--- WORK ORDER ---
This exercise calls for the line with "Alocasia Nobilis Variegated Pink", the line with "Daintree Forest", and all lines between them in the material below, output exactly and with no other lines.
★ ★ ★
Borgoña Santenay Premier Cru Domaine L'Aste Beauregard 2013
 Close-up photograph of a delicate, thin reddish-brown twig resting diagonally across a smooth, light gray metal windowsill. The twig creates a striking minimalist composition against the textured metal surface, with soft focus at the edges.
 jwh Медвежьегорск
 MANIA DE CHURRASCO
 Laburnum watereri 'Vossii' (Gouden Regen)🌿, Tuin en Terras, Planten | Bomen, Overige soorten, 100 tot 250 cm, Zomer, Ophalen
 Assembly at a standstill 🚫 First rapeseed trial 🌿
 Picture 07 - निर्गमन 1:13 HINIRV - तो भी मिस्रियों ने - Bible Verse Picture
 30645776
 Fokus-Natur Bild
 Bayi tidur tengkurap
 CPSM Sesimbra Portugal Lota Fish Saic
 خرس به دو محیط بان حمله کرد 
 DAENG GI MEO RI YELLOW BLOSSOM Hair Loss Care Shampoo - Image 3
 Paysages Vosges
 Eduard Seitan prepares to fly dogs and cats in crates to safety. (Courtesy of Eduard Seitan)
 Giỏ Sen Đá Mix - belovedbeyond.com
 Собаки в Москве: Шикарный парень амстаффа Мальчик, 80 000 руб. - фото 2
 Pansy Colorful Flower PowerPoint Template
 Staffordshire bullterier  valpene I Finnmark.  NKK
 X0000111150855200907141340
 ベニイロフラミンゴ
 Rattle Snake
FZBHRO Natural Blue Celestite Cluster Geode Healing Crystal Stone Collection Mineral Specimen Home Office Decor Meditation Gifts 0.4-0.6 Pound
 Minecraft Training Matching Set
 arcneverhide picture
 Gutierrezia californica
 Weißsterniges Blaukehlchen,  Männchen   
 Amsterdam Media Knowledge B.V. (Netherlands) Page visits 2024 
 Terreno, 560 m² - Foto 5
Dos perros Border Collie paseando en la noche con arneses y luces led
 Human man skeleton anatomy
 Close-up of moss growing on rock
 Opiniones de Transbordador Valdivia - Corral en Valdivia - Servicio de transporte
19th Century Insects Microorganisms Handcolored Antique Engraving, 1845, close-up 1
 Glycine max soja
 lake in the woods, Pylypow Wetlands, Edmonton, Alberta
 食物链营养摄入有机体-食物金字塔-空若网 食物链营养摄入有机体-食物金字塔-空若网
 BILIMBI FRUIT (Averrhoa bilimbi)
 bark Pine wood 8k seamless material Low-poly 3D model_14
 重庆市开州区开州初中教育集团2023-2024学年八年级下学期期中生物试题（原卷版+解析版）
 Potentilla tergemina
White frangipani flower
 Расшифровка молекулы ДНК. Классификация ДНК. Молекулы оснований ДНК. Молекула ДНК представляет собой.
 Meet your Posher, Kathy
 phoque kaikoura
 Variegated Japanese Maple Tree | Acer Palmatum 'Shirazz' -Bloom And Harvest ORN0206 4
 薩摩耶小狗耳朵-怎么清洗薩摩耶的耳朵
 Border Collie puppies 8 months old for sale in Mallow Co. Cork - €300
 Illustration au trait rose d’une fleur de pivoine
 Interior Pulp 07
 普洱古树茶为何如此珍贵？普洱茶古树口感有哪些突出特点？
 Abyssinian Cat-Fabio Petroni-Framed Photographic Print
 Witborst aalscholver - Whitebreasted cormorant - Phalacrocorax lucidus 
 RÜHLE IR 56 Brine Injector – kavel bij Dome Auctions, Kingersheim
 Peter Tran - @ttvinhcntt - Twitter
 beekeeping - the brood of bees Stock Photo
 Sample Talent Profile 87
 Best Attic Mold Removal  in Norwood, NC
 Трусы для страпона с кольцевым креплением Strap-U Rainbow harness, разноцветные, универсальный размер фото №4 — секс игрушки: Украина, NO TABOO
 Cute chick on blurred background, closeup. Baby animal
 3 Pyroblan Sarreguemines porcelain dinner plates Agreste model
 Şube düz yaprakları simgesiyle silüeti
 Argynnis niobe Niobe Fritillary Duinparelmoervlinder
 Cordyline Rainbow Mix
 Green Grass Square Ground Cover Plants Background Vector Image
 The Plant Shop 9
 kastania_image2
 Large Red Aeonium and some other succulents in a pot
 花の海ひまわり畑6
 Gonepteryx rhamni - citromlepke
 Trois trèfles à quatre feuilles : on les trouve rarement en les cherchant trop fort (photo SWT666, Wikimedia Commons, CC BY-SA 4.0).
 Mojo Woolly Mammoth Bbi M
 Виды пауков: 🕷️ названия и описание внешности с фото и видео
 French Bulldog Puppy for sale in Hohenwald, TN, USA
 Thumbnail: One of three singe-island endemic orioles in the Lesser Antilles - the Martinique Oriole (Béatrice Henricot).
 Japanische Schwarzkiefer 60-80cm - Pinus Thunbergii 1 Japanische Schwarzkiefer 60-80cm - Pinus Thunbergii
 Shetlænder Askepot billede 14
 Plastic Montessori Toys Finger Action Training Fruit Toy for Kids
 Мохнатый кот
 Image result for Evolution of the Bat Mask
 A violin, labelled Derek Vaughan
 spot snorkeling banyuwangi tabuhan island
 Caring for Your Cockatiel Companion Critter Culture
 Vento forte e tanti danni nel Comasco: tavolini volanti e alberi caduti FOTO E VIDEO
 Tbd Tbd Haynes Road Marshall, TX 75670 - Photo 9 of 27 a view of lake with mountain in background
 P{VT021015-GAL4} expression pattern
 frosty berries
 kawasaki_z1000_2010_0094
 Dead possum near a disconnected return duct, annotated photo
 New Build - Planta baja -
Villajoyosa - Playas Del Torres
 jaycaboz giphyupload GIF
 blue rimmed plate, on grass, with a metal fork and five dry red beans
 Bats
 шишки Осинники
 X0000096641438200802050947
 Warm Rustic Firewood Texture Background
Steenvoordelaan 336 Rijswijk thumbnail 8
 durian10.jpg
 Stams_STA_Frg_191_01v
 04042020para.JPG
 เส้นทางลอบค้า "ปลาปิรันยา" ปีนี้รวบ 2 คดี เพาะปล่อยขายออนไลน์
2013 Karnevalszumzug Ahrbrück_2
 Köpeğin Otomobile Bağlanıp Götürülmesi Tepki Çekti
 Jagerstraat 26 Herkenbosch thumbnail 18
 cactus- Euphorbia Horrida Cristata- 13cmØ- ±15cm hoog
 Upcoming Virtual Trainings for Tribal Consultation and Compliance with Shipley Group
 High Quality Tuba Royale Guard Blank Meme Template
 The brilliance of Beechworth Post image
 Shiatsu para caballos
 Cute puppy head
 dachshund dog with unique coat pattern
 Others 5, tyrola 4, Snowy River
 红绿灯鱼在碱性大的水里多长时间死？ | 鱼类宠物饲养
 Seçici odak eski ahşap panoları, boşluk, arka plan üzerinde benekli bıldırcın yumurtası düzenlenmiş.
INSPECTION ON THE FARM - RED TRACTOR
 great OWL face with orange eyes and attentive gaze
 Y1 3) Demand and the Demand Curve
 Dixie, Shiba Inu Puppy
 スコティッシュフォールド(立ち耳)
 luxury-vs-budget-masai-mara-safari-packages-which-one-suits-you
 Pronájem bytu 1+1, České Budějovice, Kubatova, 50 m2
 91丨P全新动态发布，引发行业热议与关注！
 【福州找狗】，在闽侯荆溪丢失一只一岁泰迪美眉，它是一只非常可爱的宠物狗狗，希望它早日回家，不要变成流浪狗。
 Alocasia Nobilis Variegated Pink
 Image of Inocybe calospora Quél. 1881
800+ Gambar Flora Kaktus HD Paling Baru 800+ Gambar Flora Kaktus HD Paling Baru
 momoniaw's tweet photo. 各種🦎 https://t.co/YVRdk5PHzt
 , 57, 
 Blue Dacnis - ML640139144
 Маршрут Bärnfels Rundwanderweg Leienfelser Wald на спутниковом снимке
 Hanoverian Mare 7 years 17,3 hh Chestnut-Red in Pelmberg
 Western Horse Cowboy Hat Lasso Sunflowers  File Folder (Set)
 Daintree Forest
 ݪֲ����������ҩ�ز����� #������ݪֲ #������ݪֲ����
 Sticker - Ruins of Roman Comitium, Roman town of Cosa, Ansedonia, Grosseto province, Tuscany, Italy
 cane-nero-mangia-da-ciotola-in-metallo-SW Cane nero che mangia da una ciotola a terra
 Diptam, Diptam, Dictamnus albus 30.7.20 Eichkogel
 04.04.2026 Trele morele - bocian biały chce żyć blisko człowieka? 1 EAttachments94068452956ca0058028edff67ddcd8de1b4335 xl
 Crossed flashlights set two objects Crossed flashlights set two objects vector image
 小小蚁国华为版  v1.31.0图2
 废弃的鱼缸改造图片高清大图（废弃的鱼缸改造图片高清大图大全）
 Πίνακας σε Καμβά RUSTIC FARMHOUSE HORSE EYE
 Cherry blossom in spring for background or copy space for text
★ ★ ★
--- SOLUTION FOR THIS TASK ---
 Alocasia Nobilis Variegated Pink
 Image of Inocybe calospora Quél. 1881
800+ Gambar Flora Kaktus HD Paling Baru 800+ Gambar Flora Kaktus HD Paling Baru
 momoniaw's tweet photo. 各種🦎 https://t.co/YVRdk5PHzt
 , 57, 
 Blue Dacnis - ML640139144
 Маршрут Bärnfels Rundwanderweg Leienfelser Wald на спутниковом снимке
 Hanoverian Mare 7 years 17,3 hh Chestnut-Red in Pelmberg
 Western Horse Cowboy Hat Lasso Sunflowers  File Folder (Set)
 Daintree Forest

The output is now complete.